Not long ago, there were just five or six incubators and accelerators in Arizona.” Arizona Commerce Authority CEO Sandra Watson looks up to the ceiling in her office, she’s running the numbers in her head.

“I think we now have close to 50 active in the state — plus collaborative workspaces, too.” For the entrepreneur thinking about starting a new company, Arizona has a better business climate than just its golf courses and sunshine.

The metric is not precise, but there may be no state in this country that does as much for new business’ growth than Arizona. Local governments, regional economic development organizations, the three state universities, community colleges, and the Arizona Commerce Authority all offer programs designed to grow successful companies.

While AZ Commerce business attraction wins have garnered much news and talk, the quasi-public agency has an equal emphasis for existing business expansion and new business startup. The agency offers a full menu of incentives, programs and innovation assistance for Arizona businesses.

“Those big moves by companies like Apple draw attention to Arizona from business leaders around the world,” says Watson. “That kind of attention is good for our companies to market products globally.”

The state and its regional economic development agencies are focused on building export businesses and increasing the number of high paying jobs in the state.

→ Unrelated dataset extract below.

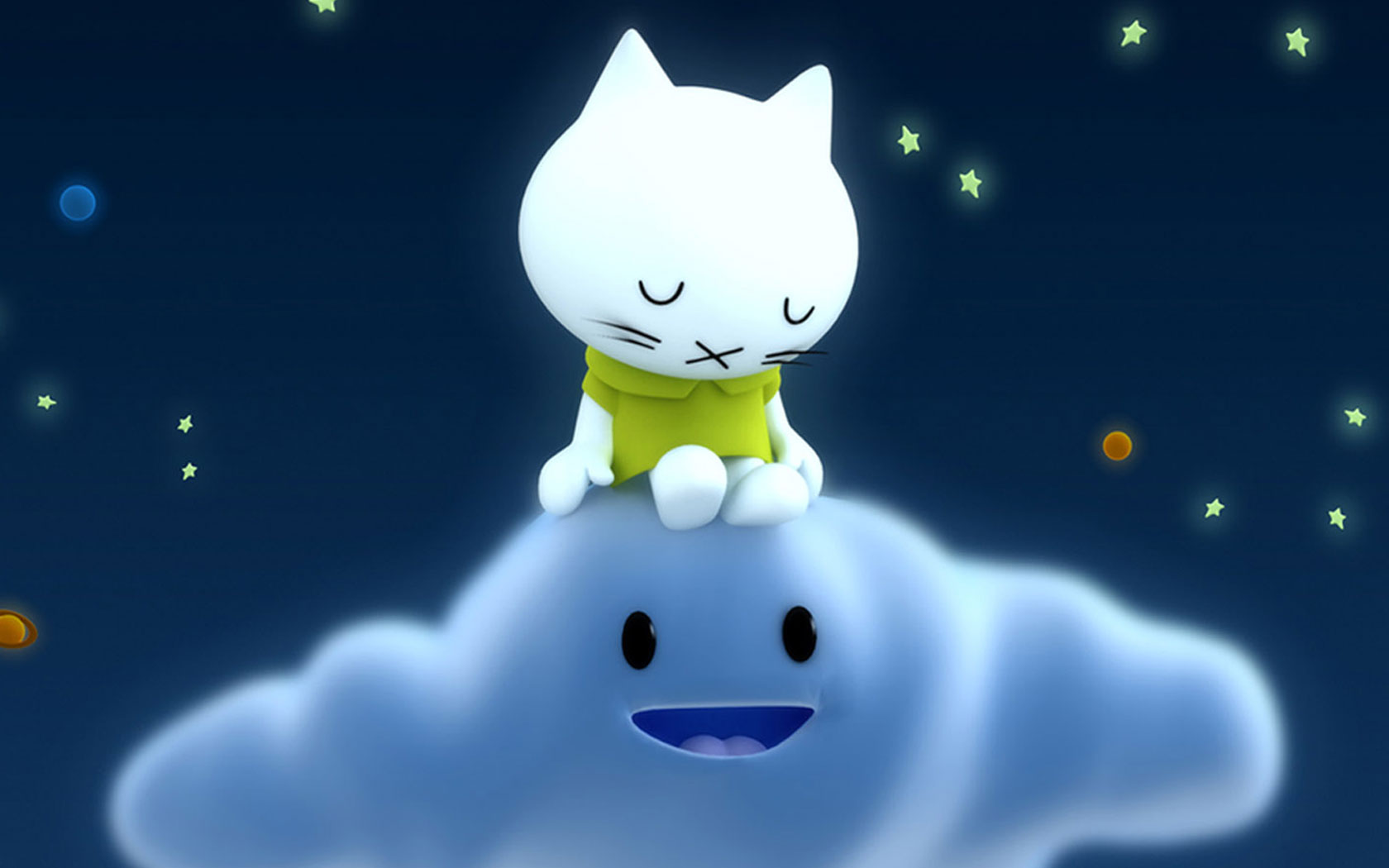 Cartoon Cat Wallpaper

An export business is a business that ships the majority of its services and products outside local borders. Its result is money coming back into to be recirculated and grow the Arizona domestic product.

Brian Sherman, Arizona Commerce Authority’s senior vice president of business development, heads the team that deploys start-up programs. This isn’t just a toolbox for new business, Brian has the key to a garage filled with programs designed to scale up new companies.

“When we help a business grow roots in Arizona, we’re building the future of our corporate community,” says Watson. “Our programs are designed to help a business from its early start-up stage into the marketplace to compete.”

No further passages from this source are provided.